In the beginning, they stared at us as if we were from another planet!
The couple, both young pharmacists, married in 2012 during the war in their homeland – they describe their honeymoon as an experience “between the tanks and mortar shells”. They left Syria after Hossam managed to find a job in a pharmacy through private contacts in Lebanon. They rented a house in Beirut.
When their son Majed was born on 25 December 2012, they registered as refugees at the UNHCR. The Lebanese registry office refused to give them a birth certificate for their son, and refugee status was the only way their child could get official documents.
“In the plane from Beirut to Hanover there were about 200 refugees, all of whom had received asylum in Germany through the UNHCR,” says Hossam. The young Syrian couple had mixed feelings about their move. They were worried about their uncertain future but happy they were going to a safe country.
And while Görlitz has given them opportunities to build a new future, it hasn’t always been easy. Afraa says many German women comment or ask about her hijab. “Do you take off the headscarf for a shower? Do you wear the headscarf at night?”
Afraa is very uncomfortable; she feels different, out of place. “People only see my headscarf, but they do not know about our education or even the rich history of our culture,” she says. “In the beginning, they stared at us as if we were from another planet!”
The first year was difficult. Afraa, Hossam and their son Majed faced many problems, but they worked hard to overcome them. The couple took up regular German courses and the family is now fluent in the language. Hossam and Afraa have finally received a licence, meaning they can work as pharmacists in Görlitz from next year.
Looking at his new life in Germany, Hossam remains grateful. “Now I consider Germany my home, the land that hosted us without knowing us, while many other Arab lands know us but refused to have us.”
Since the summer of 2017 Afraa has been pregnant again. Although they have settled in to their new home, the couple faces a dilemma. They want to return to Syria after the end of the war. “It's a difficult decision,” says Afraa.
“We were out at sea for six days,” says Jihad Eshmawi, 26, a Palestinian-Syrian student born and raised in Damascus. “The boat that left before us sank and the one that left after us sank too. We tried to sing all the time, to forget that our boat might capsize any moment.”
Jihad narrowly escaped death several times during the war. Eventually he was forced to flee when his district was completely destroyed by fighting. Together with his two younger brothers he fled to Egypt, where they embarked on the dangerous boat crossing of the Mediterranean, travelling from Alexandria to Rimini in Italy. A NATO patrol boat finally rescued them. Looking back, he refers to this time as the “isthmus”, a period of time between death and resurrection.
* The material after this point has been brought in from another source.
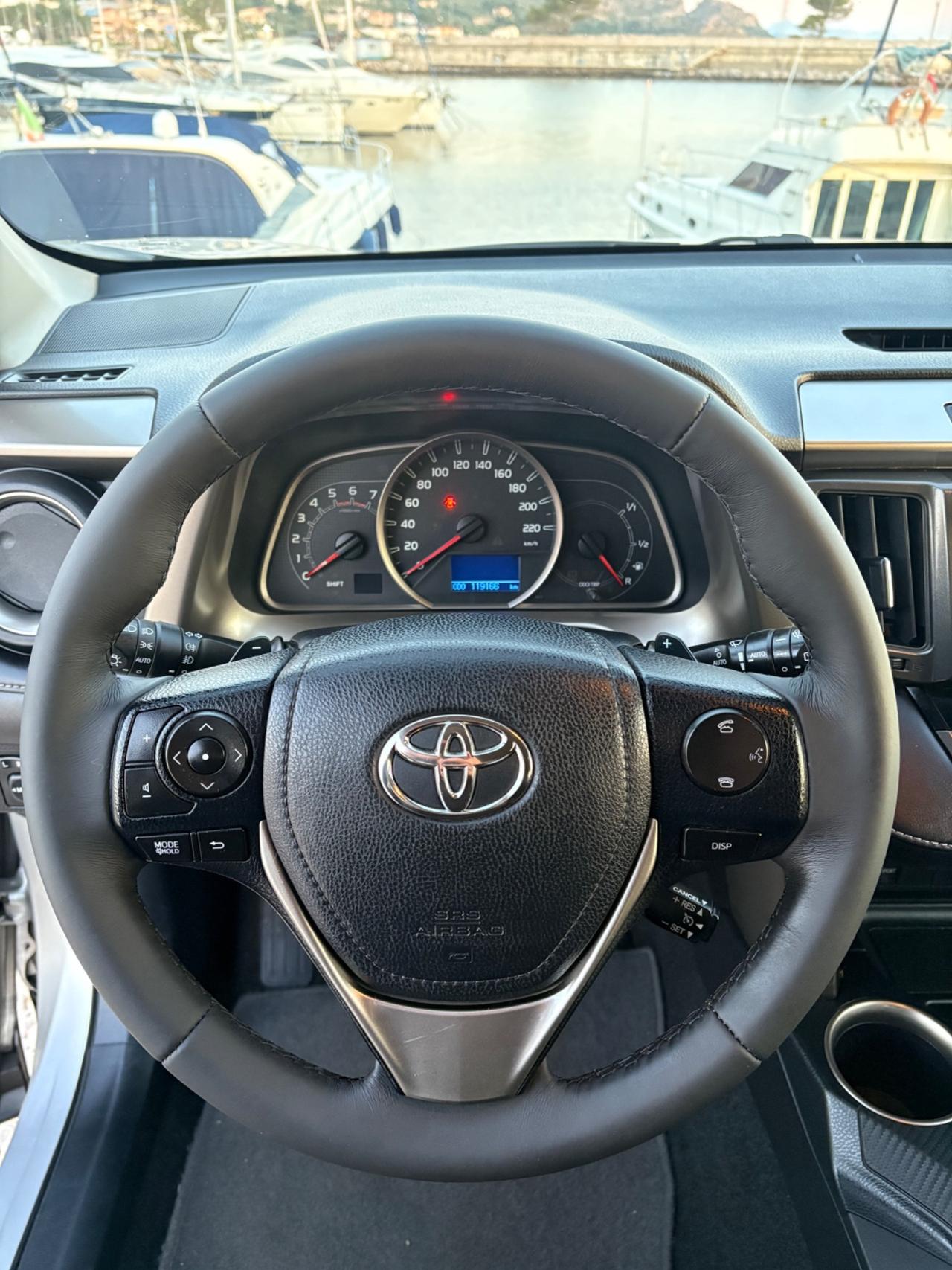 Toyota RAV 4 RAV4 2.2 D-4D 4WD Lounge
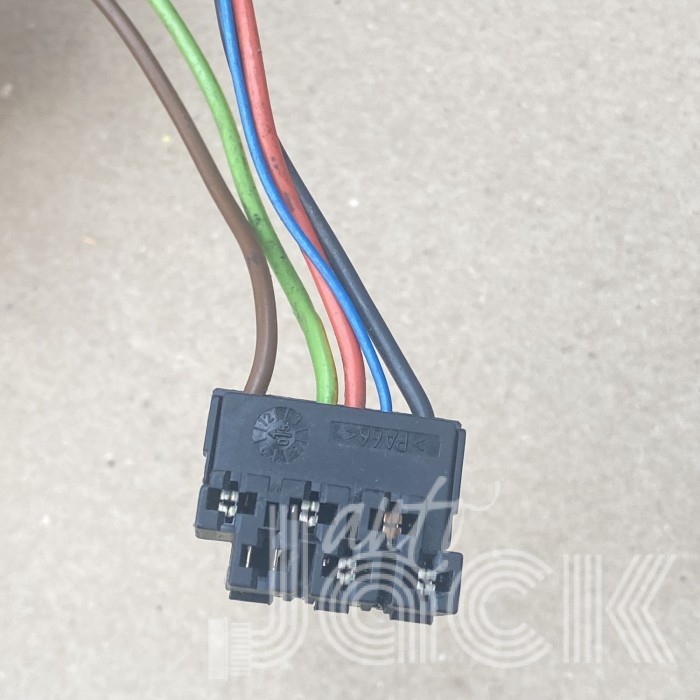 Разъем для Mercedes Benz oe 0295450628 Разъем для Mercedes Benz oe 0295450628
Jihad travelled with 77 other Syrian refugees by bus to Malmö in Sweden, where he was given asylum. After moving to Gothenburg, he quickly learned Swedish and settled into a new life with a new circle of friends. His mother came to Sweden for a family reunification and now lives with Jihad and his two brothers in Gothenburg.
In Syria, Jihad studied business administration at the University of Damascus and worked as an accountant for international human rights organisations. Work remains very important for him in Sweden; it signifies independence.
“Since I started working with the Swedish Red Cross, I have started to feel that I am part of Swedish society,” he says. “My work permits me to be a bridge between the new arrivals to Sweden and the locals. I have started to feel some stability and that I’m helping, no longer receiving help.”
Jihad has been a Swedish citizen since the spring of 2017 and says returning to Syria is out of the question.
“At most, I’d go for a vacation. And only when peace has returned to Syria.”